KARLSONS, J.: Oremus… / Adoratio / Le lagrime dell'anima… / Ora pro nobis (Latvian Radio Choir, Šimkus, Sinfonietta Rīga, Kļava)

KARLSONS, J.: Oremus… / Adoratio / Le lagrime dell'anima… / Ora pro nobis (Latvian Radio Choir, Šimkus, Sinfonietta Rīga, Kļava)

简介

Composer Juris Karlsons (b. 1948) is one of the leading names in Latvian music today. This new album by the Latvian Radio Choir under their music director Sigvards Klava features Karlsons’ choral works. These works are marked by deeply religious feeling and profound message. Oremus is choral piece written by the composer in 2018 for the Latvian Radio Choir. It was premiered as part of the Lincoln Center White Light Festivals. When writing this work, no doubt Karlsons had specifically the sound and vocal abilities of the choir in mind. The largest work of the album is Adoratio (2010), a symphonic, single-movement work for choir and orchestra with a duration of over 30 minutes. Yet, this powerful work filled with drama can, like a symphony, be clearly divided into musical sections. Le lagrime dell’anima (2013) for piano and choir is based on a short poem written by the composer: “Here are just seven simple notes that are born on a beautiful summer evening when watching the sunset. The stars slowly light up, one, then another. You wait for the next one. The seven sounds of stars are gradually born under the pianist’s fingers, somewhere in the silence they appear in the chorus’s intonations, and finally intertwined in a melodic line,” the composer describes. The final piece of the album, Ora pro nobis (2019), is a tribute to Virgin Mary based on an earlier work and written for Sigvards Klava.

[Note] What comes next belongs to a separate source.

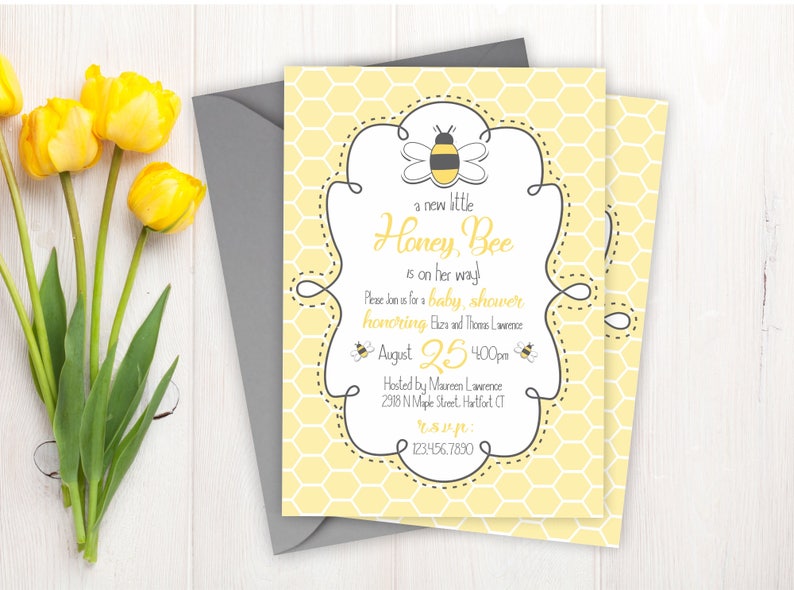 Baby Shower Invitations Bee Baby Shower Invitations Printed Invitation Cards Personalized Bumble Bee Baby Shower Invitations image 1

The Latvian Radio Choir (LRC) ranks among the top professional chamber choirs in Europe and its refined taste for musical material, fineness of expression and vocal of unbelievably immense compass have charted it as a noted brand on the world map. The repertoire of LRC ranges from the Renaissance music to the most sophisticated scores by modern composers; and it could be described as a sound laboratory – the singers explore their skills by turning to the mysteries of traditional singing, as well as to the art of quartertone and overtone singing and other sound production techniques.